Leave out the images and repeat every entry below exactly.

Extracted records
=== Begin Enclosure ===

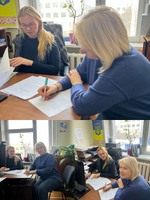 У крюківському районному відділі укладено договір з волонтером  пробації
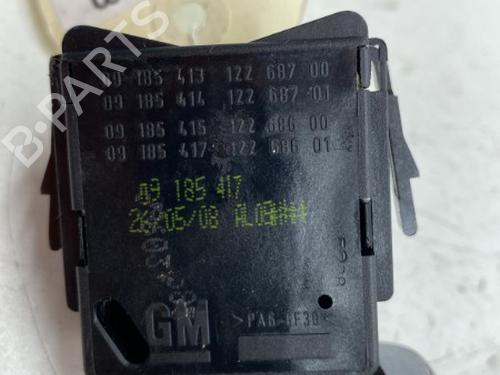 Steering column stalk OPEL MERIVA A MPV (X03) 1.3 CDTI (E75) | BP22862296I23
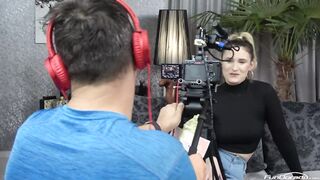 Melina May - BEHIND THE SCENES - INTERVIEW UND ALLE CASTING VIDEOS AUF FUNDORADO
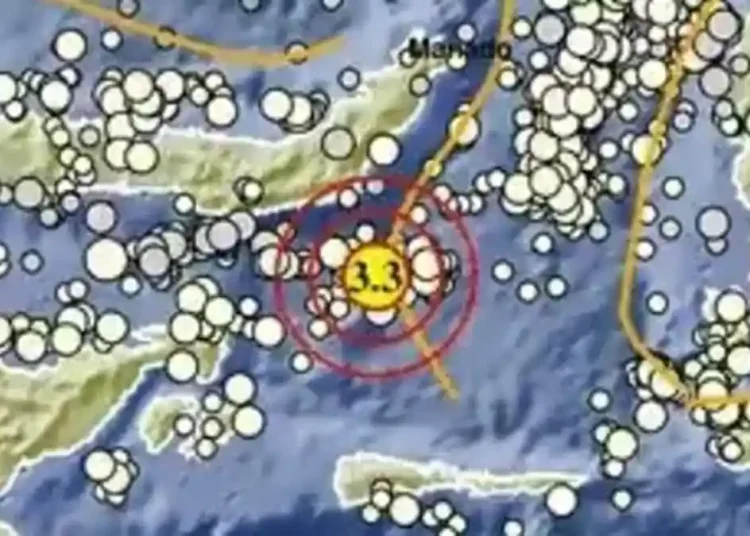 Gempa Sulawesi Utara 15 Maret 2026, Informasi BMKG Kekuatan dan Lokasi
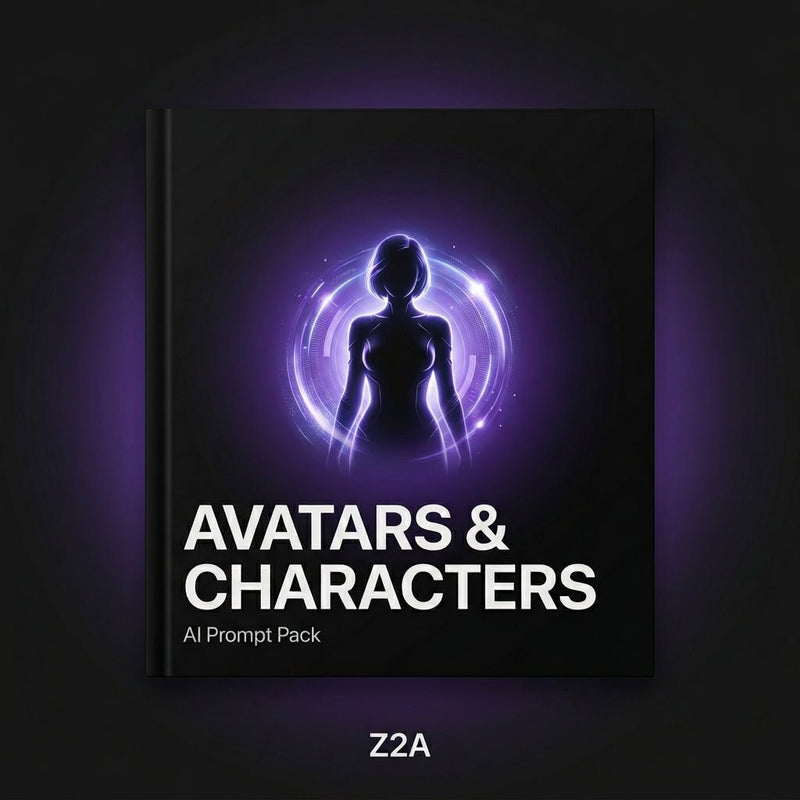 Avatars & Characters - Z2A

=== End Enclosure ===

◆ Reply to the task:
 У крюківському районному відділі укладено договір з волонтером  пробації
 Steering column stalk OPEL MERIVA A MPV (X03) 1.3 CDTI (E75) | BP22862296I23
 Melina May - BEHIND THE SCENES - INTERVIEW UND ALLE CASTING VIDEOS AUF FUNDORADO
 Gempa Sulawesi Utara 15 Maret 2026, Informasi BMKG Kekuatan dan Lokasi
 Avatars & Characters - Z2A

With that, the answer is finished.